Finally, there is the density that the mice were allowed to reach. They were specifically prevented from migrating out of the habitat in which they were placed to enable overcrowding to develop. It is clear from the photographs that they were literally teeming, living cheek-by-jowl with nowhere else to go. No matter how crowded humans get in cities, there are still options for them to move to less populated areas. You would not get conditions analogous to Calhoun’s mice unless the entire Earth surface was packed with humans to the almost complete exclusion of anything else, by which time the idea of infinite resources would be a distant memory. Humanity could never find itself living in conditions analogous to these mice.
Moving on to the interpretation of the experimental results by Michael Woodley, there are a number of aspects of this that might cause eyebrows to be raised. Firstly, there is his assertion that technological advances since the industrial revolution have meant humans have stopped evolving because people who would previously have been too unfit to survive now do; but this is far from proven. Other researchers suggest that because there are far more people alive now, and far more genetic variants that are allowed to survive, there is vastly more potential for evolution, so it is actually speeding up.
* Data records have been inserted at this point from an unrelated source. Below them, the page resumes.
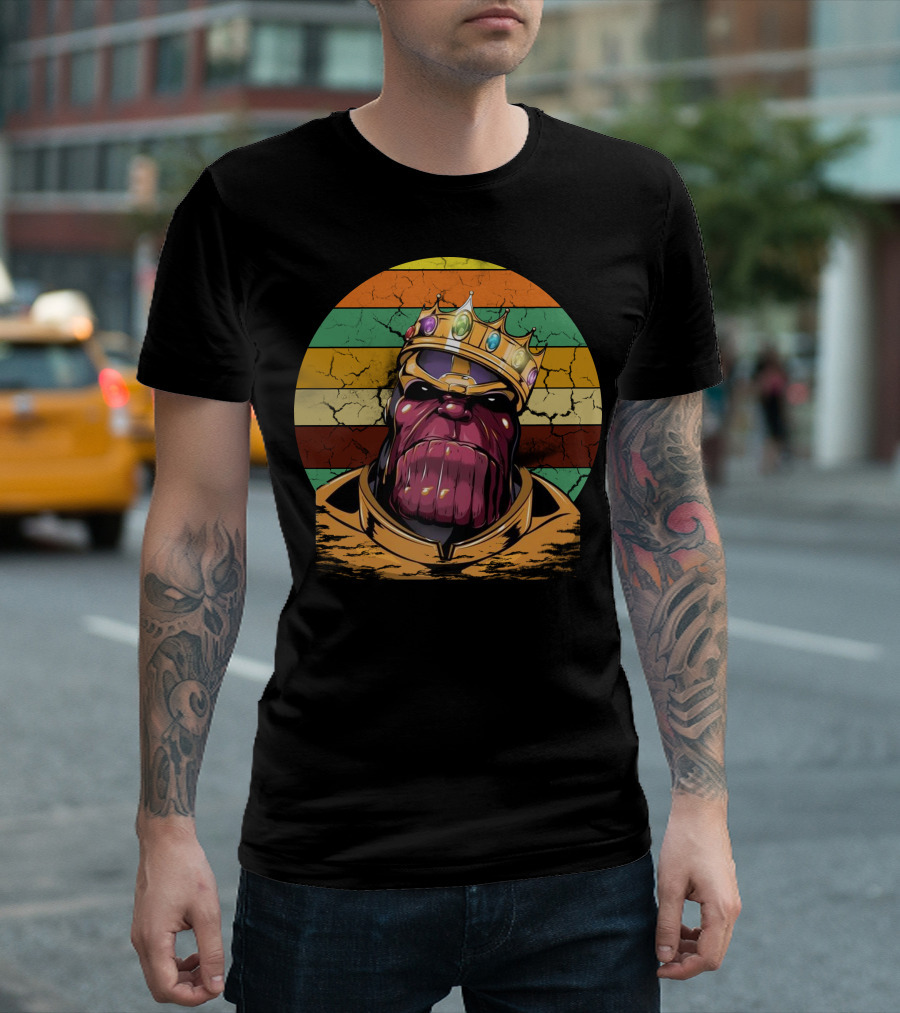 Mma Thanos Wearing Crown Retro Stripes T-Shirt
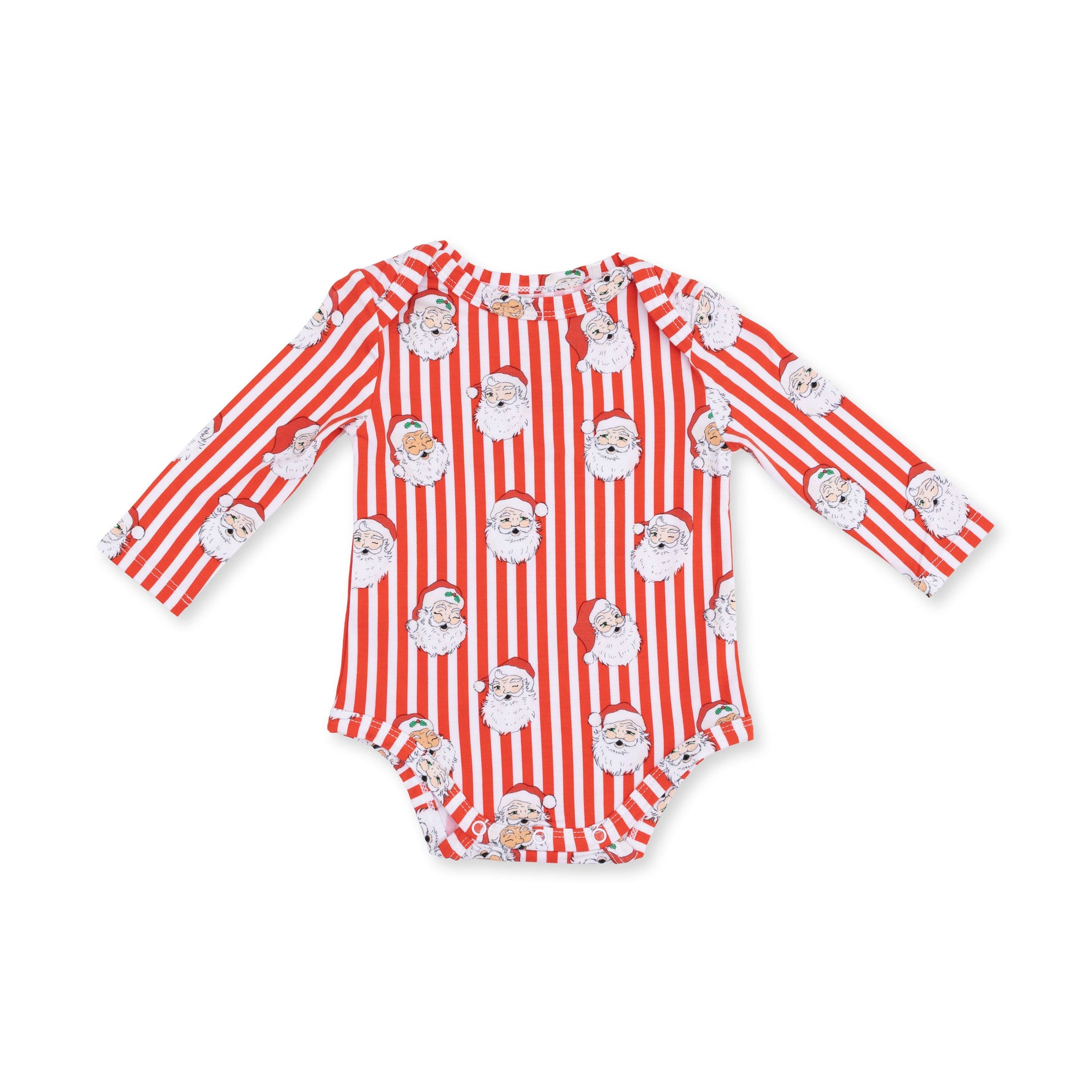 Long sleeve baby bodysuit in a vintage Santa stripe print with snap closures at the bottom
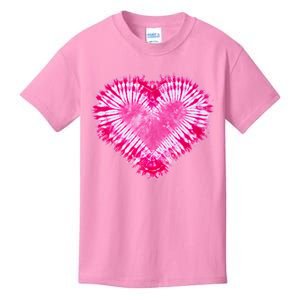 Pink Heart Tie Dye Valentines Day Kids T-Shirt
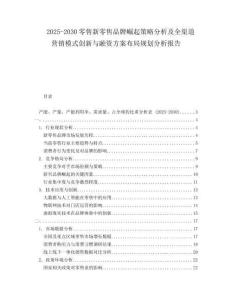 2025-2030零售新零售品牌崛起策略分析及全渠道營銷模式創(chuàng)新與融資方案布局規(guī)劃分析報告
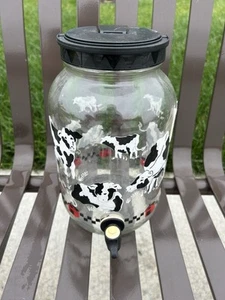 Dispensador de bebidas de vidrio vintage de té de vaca de 1 galón - Imagen 1 de 11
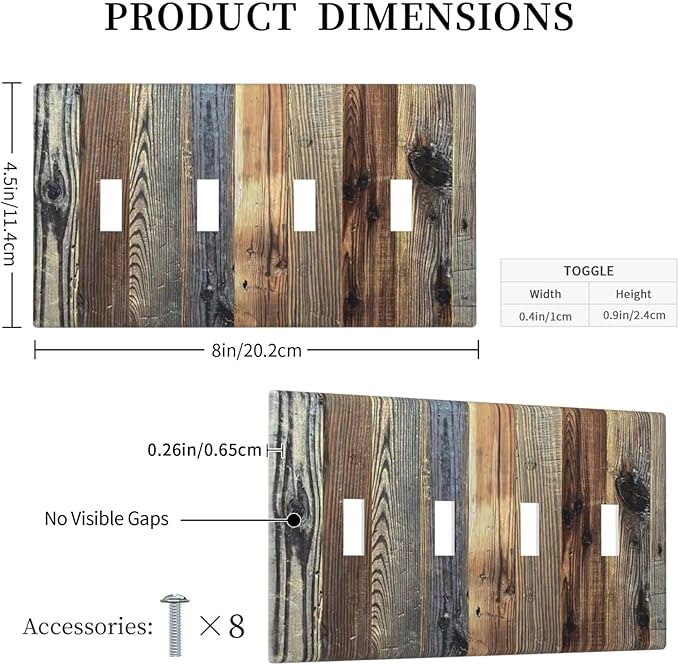 Barn Brown Wood Rustic Weathered Wood Print Light Switch Covers Quad Toggle Electrical Faceplate 4 Gang Wall Plate Decorative Switch Plates for Farmhouse Home Decor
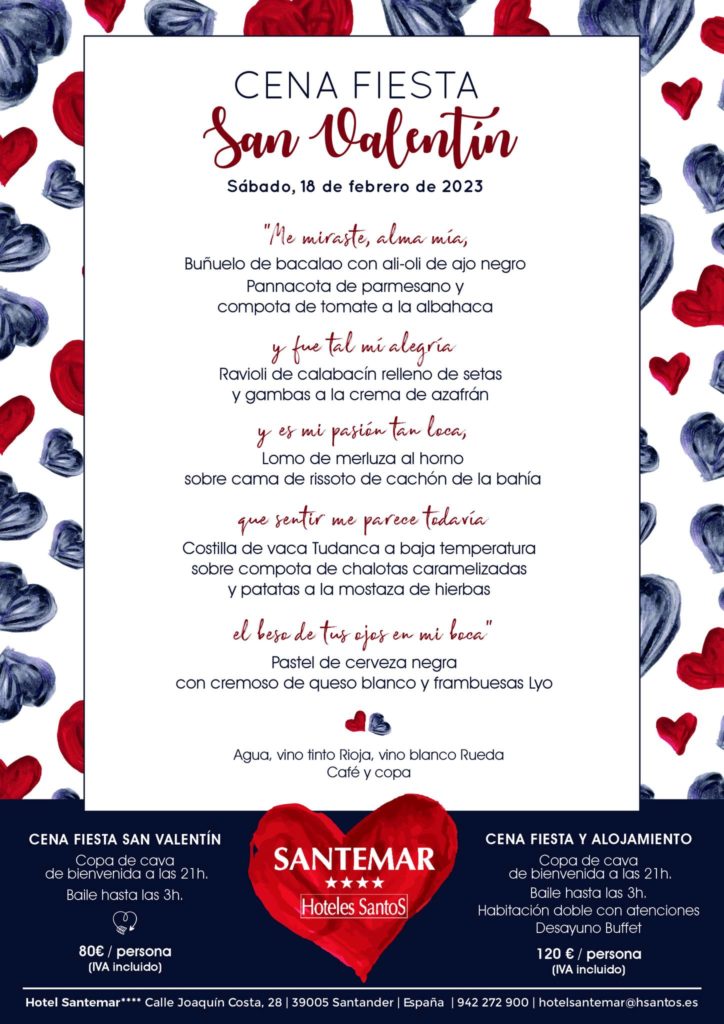 Cena San Valentín Santander 2023 – Hotel Santemar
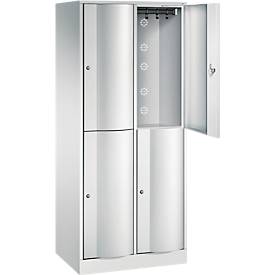 C+P Garderobenspind Resisto, 2 Abteile, 4 Fächer, B 772 x T 540 x H 1950 mm, Lichtgrau/Lichtgrau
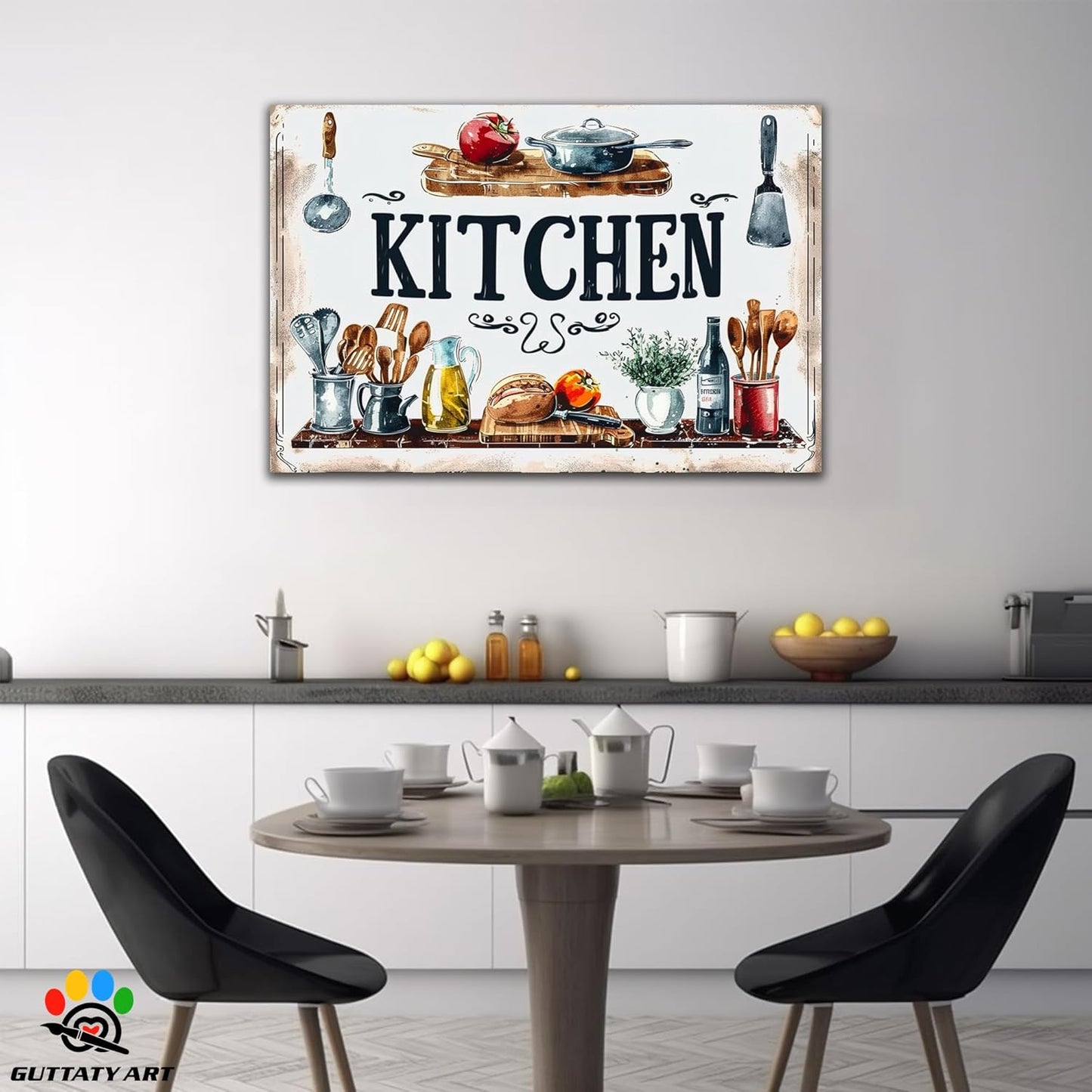 GUTTATY Rustic Farmhouse Wall Art, Ready to Hang Canvas Print, Retro Posters for Dining Room, Restaurant Painting 28x40 Inch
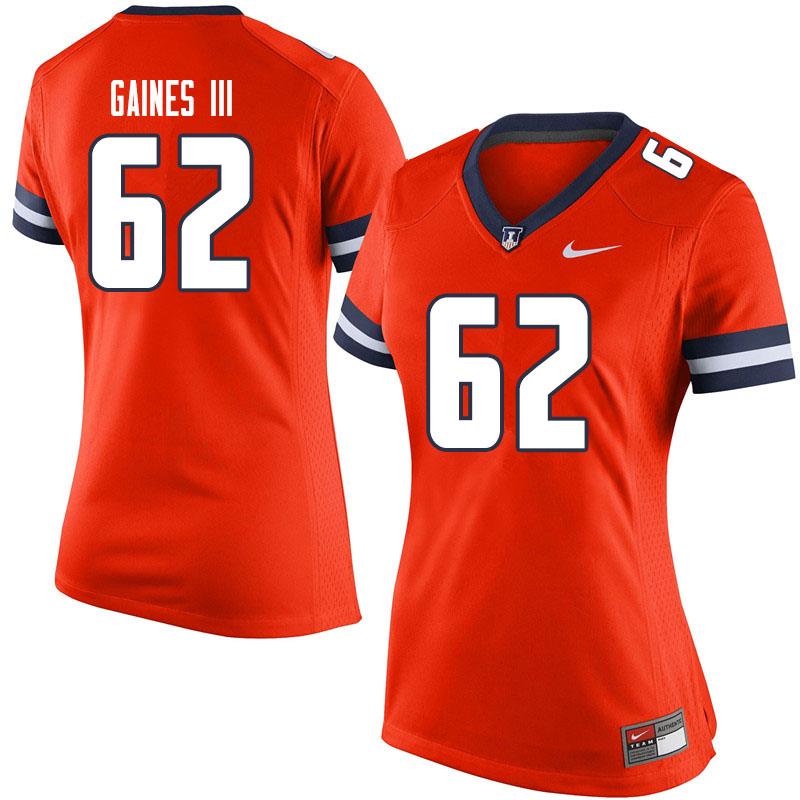 Women #62 Ron Gaines III Illinois Fighting Illini College Football Jerseys Sale-Orange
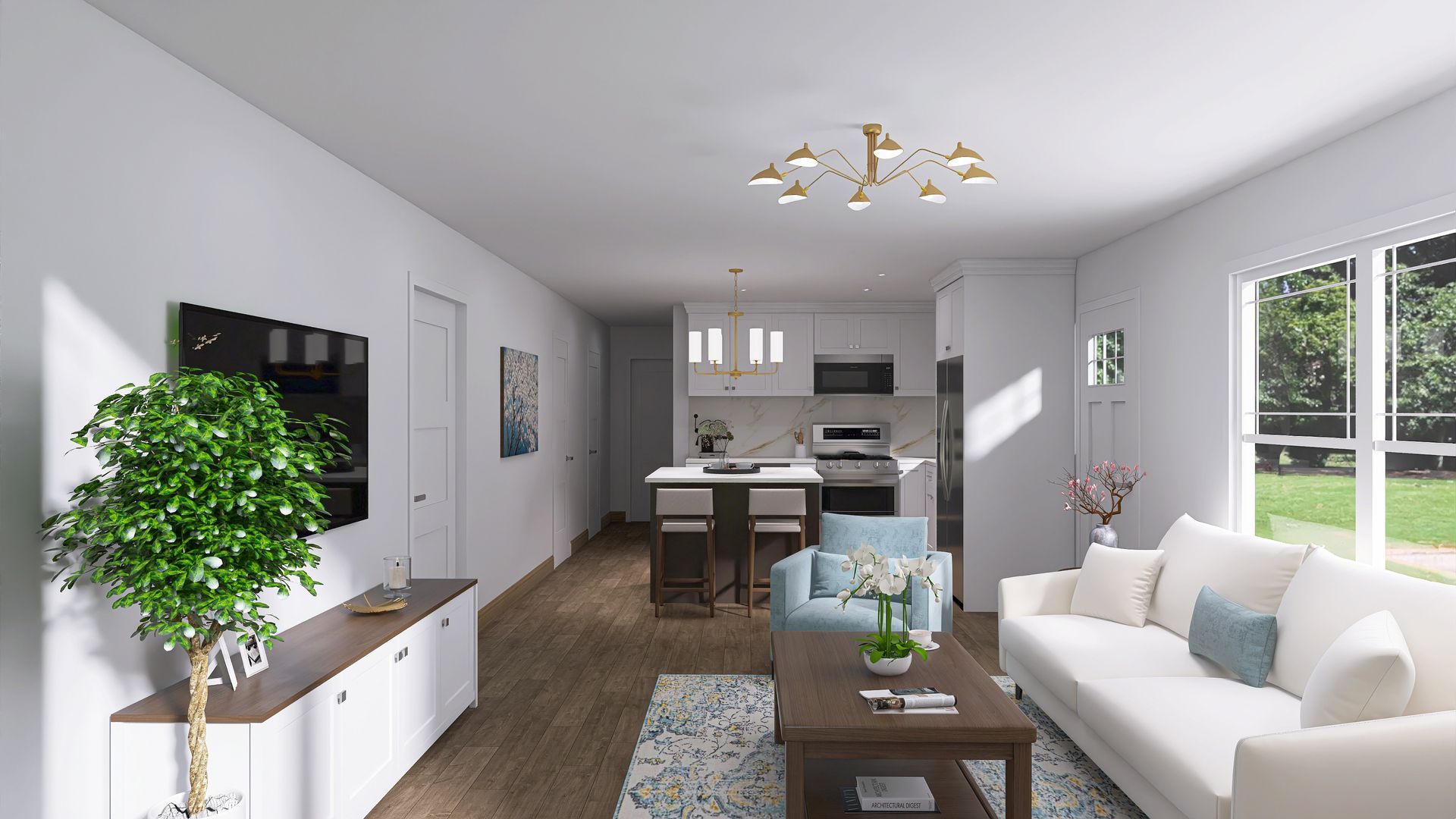 Modern living room with kitchen. White walls, wood floor, white sofa, blue armchair, and coffee table.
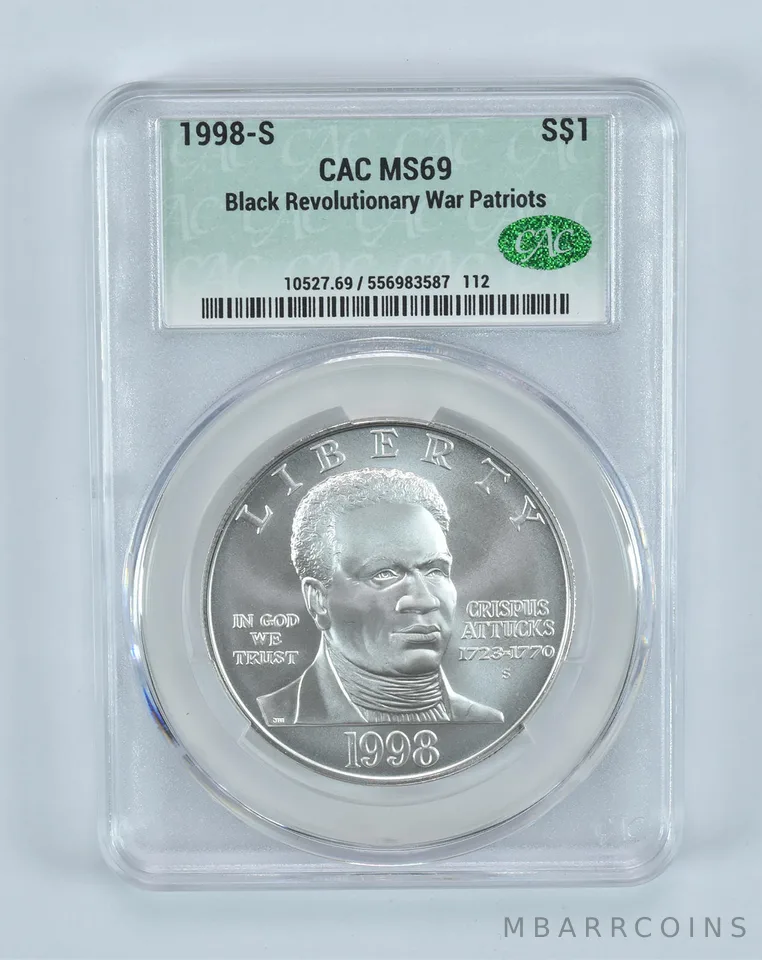 1998-S Black Patriots Commemorative Silver Dollar MS69 CAC CACg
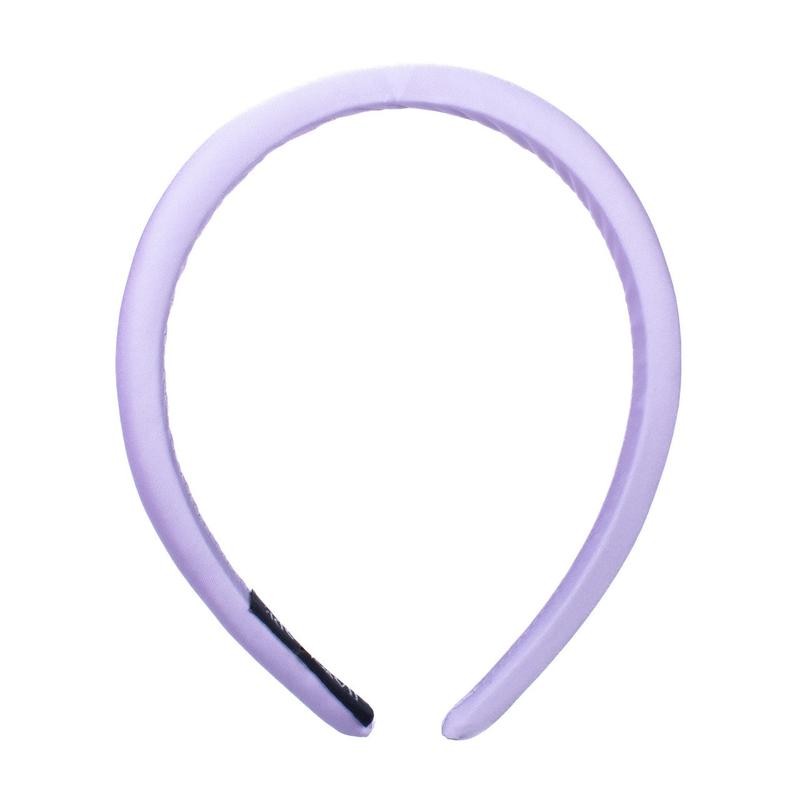 Ladies Classic Solid Color Satin Headband - Color: Lavender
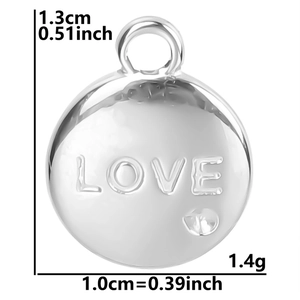 Detailed view of silver stainless steel LOVE pendant with dimensions and weight specs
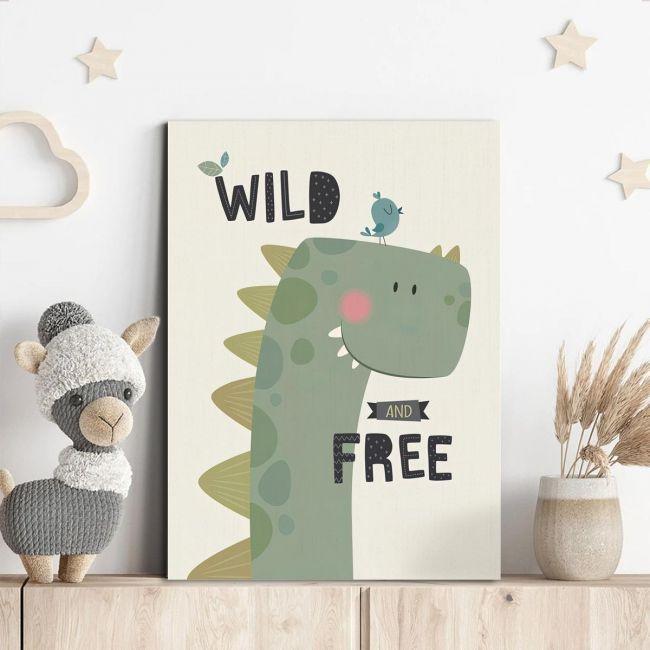 Kids canvas print Wild and free, dino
Then there is the idea of mutational load and ‘spiteful mutations’. No mutation is necessarily harmful; its harmfulness is determined by whether it makes an organism more, or less, fit to survive in the environment in which it finds itself. Mutations that are deleterious in one context can be helpful in another. Further to this is the belief that autism, mental illness, allergies, and even left-handedness are entirely the result of genetics, which was the prevalent idea in the 1960s when Calhoun’s experiments were first being interpreted as analogies for human society. Today, however, they are considered to be significantly influenced by environment and upbringing, with genetics only playing a partial role.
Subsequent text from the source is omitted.